Um confronto evidente

João Ferreira

A evolução da integração capitalista europeia determinou um confronto evidente e crescente com a Constituição da República Portuguesa (CRP). Um dos domínios em que tal realidade é patente é o das relações internacionais.

Apesar de subvertida em processos de revisão constitucional, que, por exemplo, lhe introduziram uma disposição que admite a transferência para a UE dos «poderes necessários à construção e aprofundamento da UE», tendo em vista, entre outros aspectos, a «definição e execução de uma política externa, de segurança e de defesa comuns», o artigo 7.ª da CRP (relativo às relações internacionais) continua a preconizar orientações tão relevantes como «a não ingerência nos assuntos internos dos outros Estados», ou «a abolição do imperialismo, do colonialismo e de quaisquer outras formas de agressão, domínio e exploração nas relações entre os povos, bem como o desarmamento geral, simultâneo e controlado, a dissolução dos blocos político-militares».

Não poderia, com efeito, ser mais evidente o confronto entre estes princípios e a UE, que se constituiu como pilar europeu da NATO, que se lança numa corrida aos armamentos, que espezinha o direito internacional e os direitos humanos, usados de forma cínica e demagógica para justificar as agressões em que a UE se tem envolvido: no Iraque, na Líbia, na Síria. Agora também na Venezuela. Não poderia também ser mais evidente o confronto entre os princípios contidos na CRP e a acção de sucessivos governos – PS, PSD e CDS – submissos às potências e aos interesses que dominam a UE.

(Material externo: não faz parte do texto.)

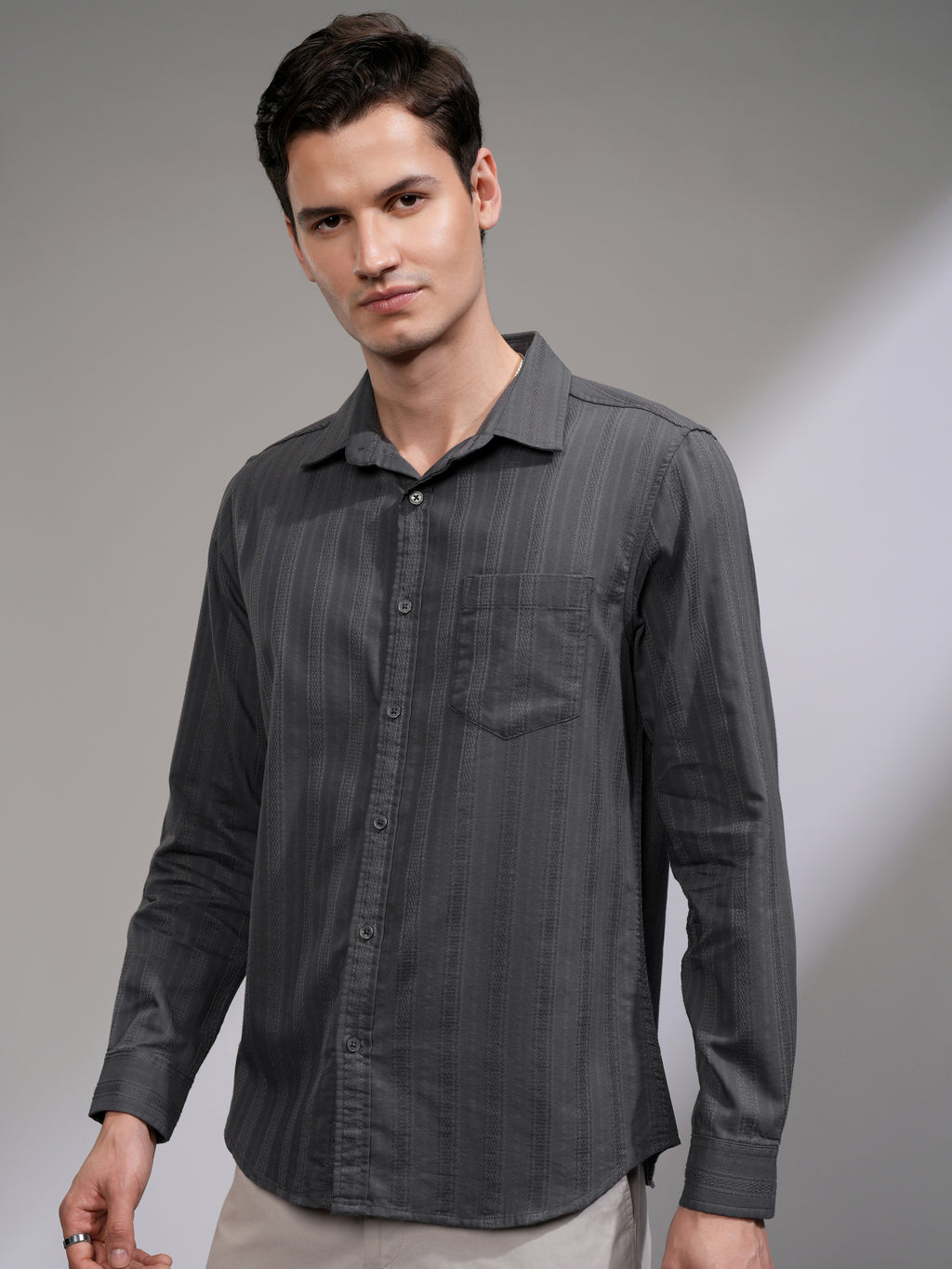 Highlander Men Grey Striped Slim Fit Casual Shirt - Grey - Image 4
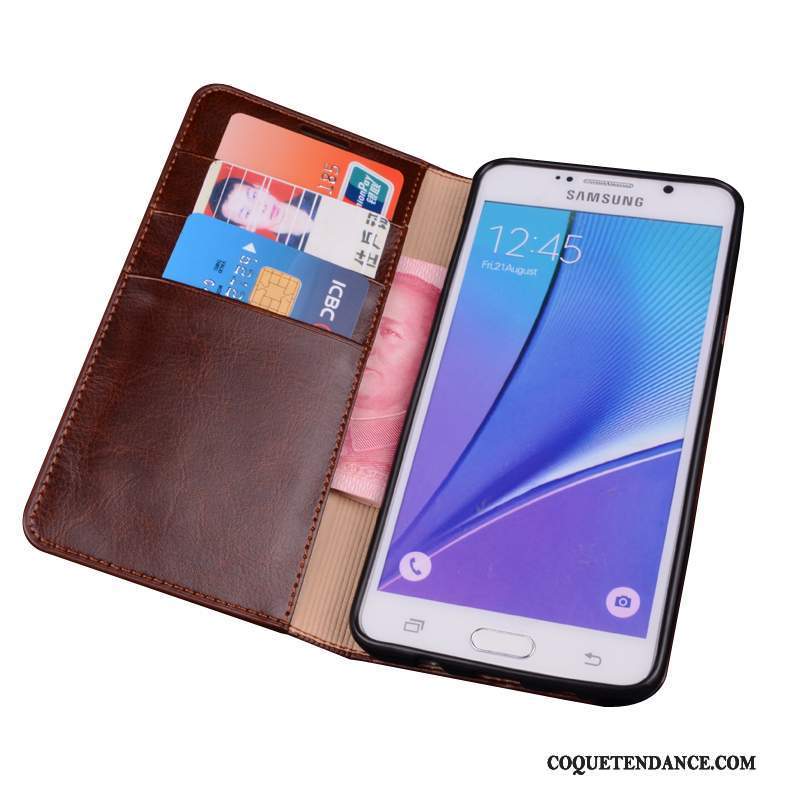 Samsung Galaxy Note 8 Coque Protection Cuir Véritable De Téléphone Étui Business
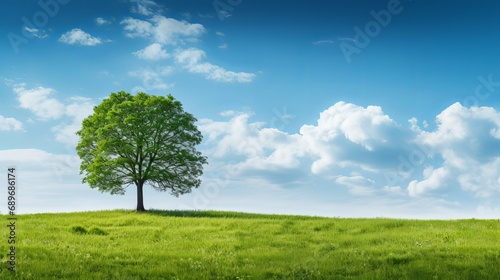 Using green field trees and blue sky as a background for a web banner is a great idea. © Humeyra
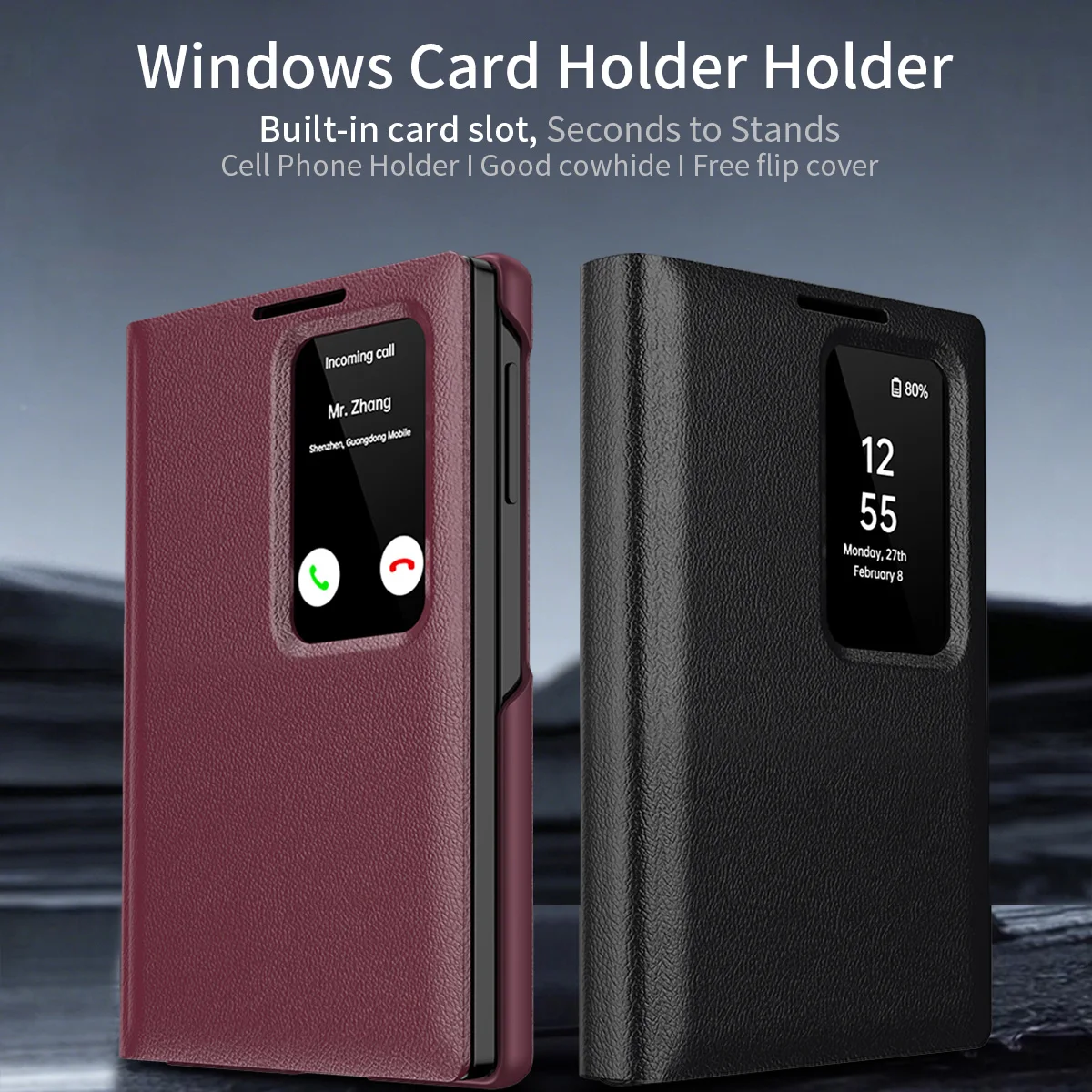 Minimalist Leather Wallet Case for Samsung Galaxy Z Fold 8 8 Ultra 7 6 5 4 Flip Smart Display Clear Window Cover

Não foi preciso muito tempo para que a UE se pusesse ao lado de Trump e de Bolsonaro na promoção e apoio ao golpe de Estado em execução na Venezuela. Sem surpresas, sem esconder a sua tremenda hipocrisia, a UE encosta-se ao fantoche escolhido por Trump para dinamizar o golpe: o auto-proclamado «presidente» Juan Guaidó. O Parlamento Europeu e vários governos de países europeus, entre os quais o português, acabam de o reconhecer como «presidente interino» da Venezuela. O mesmo parlamento e os mesmos governos que apoiaram as agressões à Líbia e à Síria, que legitimaram umas eleições fraudulentas nas Honduras, que vêm impondo sanções contra a Venezuela, que limitam o acesso do país a bens, incluindo de primeira necessidade, com penosas consequências sobre o povo venezuelano.

O calibre do fantoche de Trump pode ser aquilatado pelo pedido por este feito para o incremento das sanções e para uma intervenção militar estrangeira contra o seu país, contra o seu próprio povo.

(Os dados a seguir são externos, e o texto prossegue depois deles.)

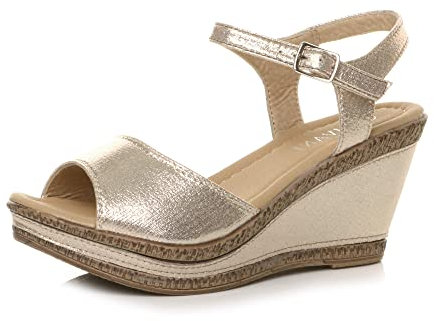 AJVANI high wedge heel platform buckle beach sandals shoes size 7 40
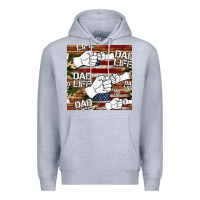 Heather Grey dad life fist bump seamless pattern Premium Hoodie - HRA Design Shop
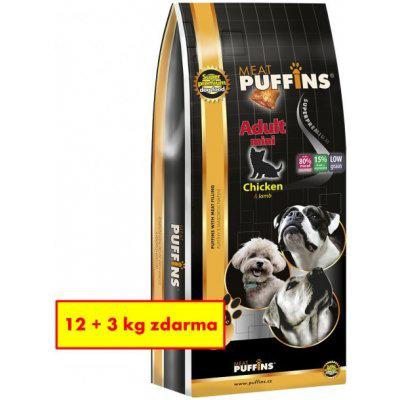 Puffins Yorkshire & Mini s masovou náplní Krmivo pro psy 12+3kg zdarma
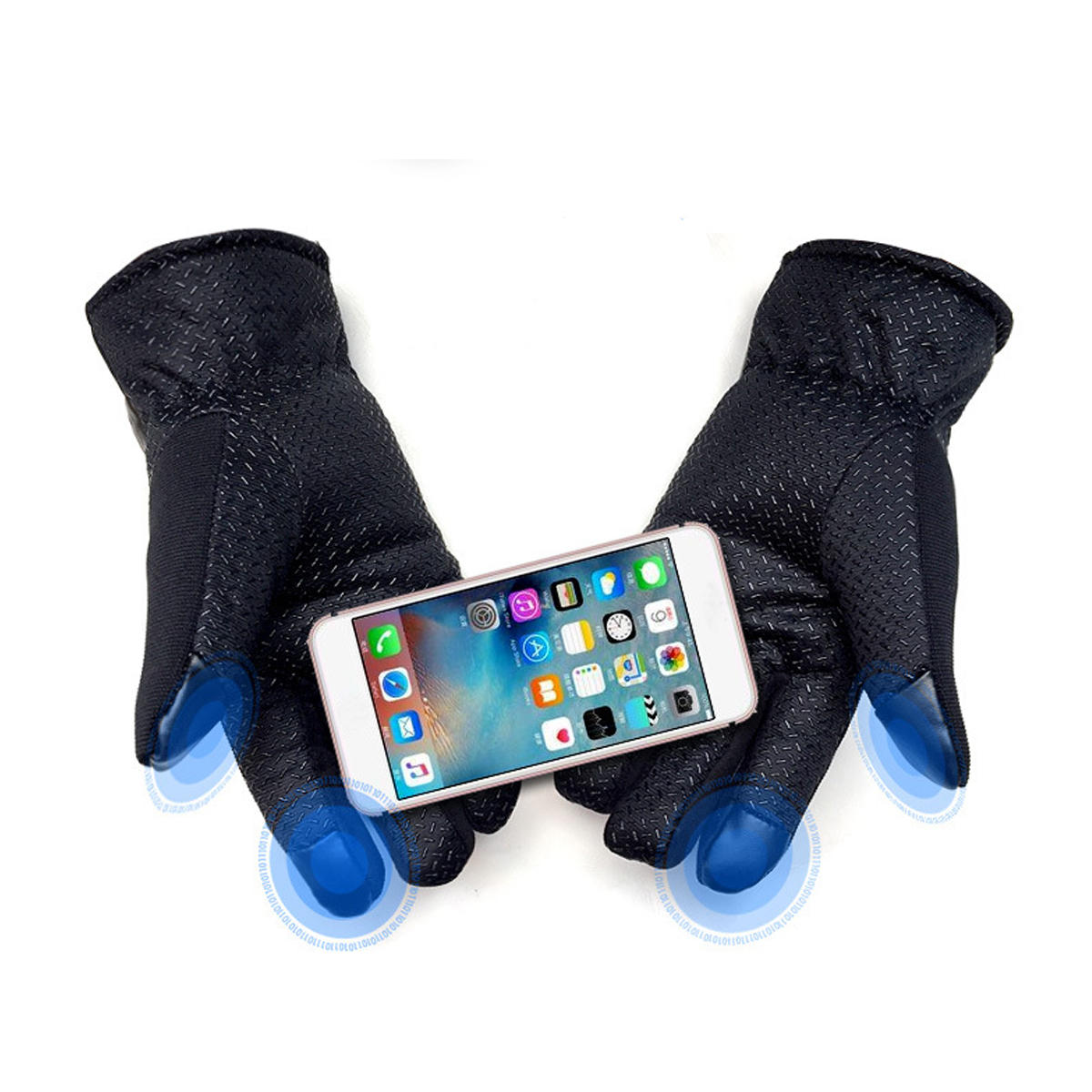 Winter Warm Unisex Touch-Screen Thermal Lined Full-finger Gloves For Smart Phones Tablets Secondary image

A atitude do Parlamento Europeu não constitui propriamente surpresa. Já em 2017, o Parlamento resolvera distinguir com o prémio Sakharov personagens envolvidos no golpe de Estado de 2002, em acções violentas de desestabilização, em articulação com grupos paramilitares e organizações de extrema-direita, para além do envolvimento em esquemas de corrupção e de financiamento ilegal de partidos e organizações pouco recomendáveis. Ou seja, tudo bons representantes dos princípios e valores dos quais o Parlamento Europeu se afirma porta-estandarte.

Mas se o histórico da instituição não torna a decisão recente surpreendente, também não a torna menos grave. Como grave é a decisão do governo português – uma afronta à CRP, ao direito internacional e à Carta das Nações Unidas. Uma posição contrária à assumida pela grande maioria dos Estados-Membros das Nações Unidas, que não respaldaram o golpe de Estado comandado por Trump. Uma posição pela qual responderá, em face das consequências que venha a comportar, desde logo para a comunidade portuguesa na Venezuela.